WHAT IS NEEDED: Would you please transcribe the data in full and exactly, excluding images?

DATASET EXTRACT:
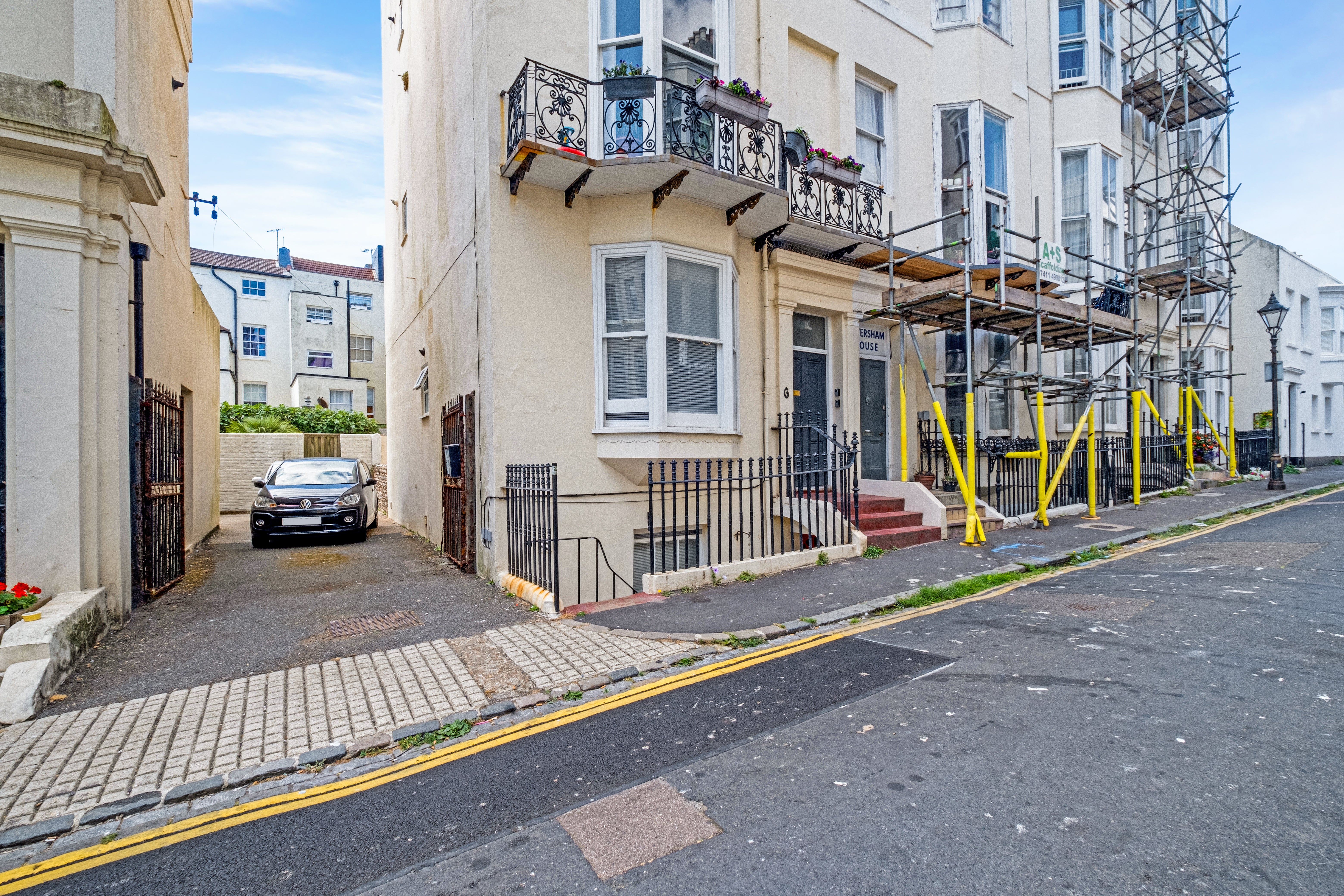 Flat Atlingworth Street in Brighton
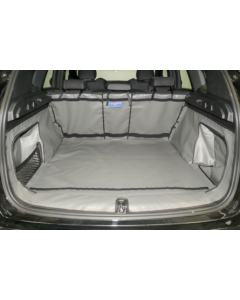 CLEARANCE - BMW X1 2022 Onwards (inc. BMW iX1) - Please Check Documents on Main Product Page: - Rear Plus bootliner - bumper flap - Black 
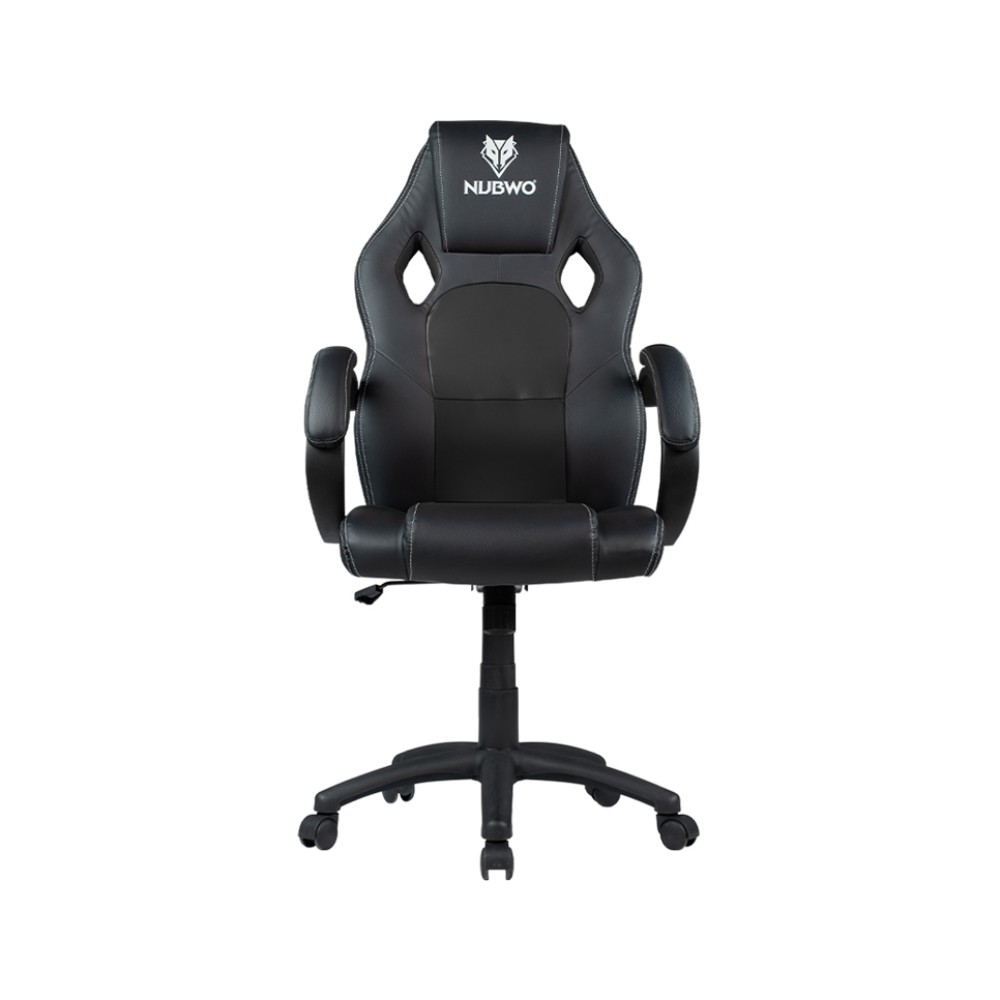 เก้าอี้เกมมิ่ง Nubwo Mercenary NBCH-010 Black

RESPONSE TO THIS TASK:
 Flat Atlingworth Street in Brighton
 CLEARANCE - BMW X1 2022 Onwards (inc. BMW iX1) - Please Check Documents on Main Product Page: - Rear Plus bootliner - bumper flap - Black 
 เก้าอี้เกมมิ่ง Nubwo Mercenary NBCH-010 Black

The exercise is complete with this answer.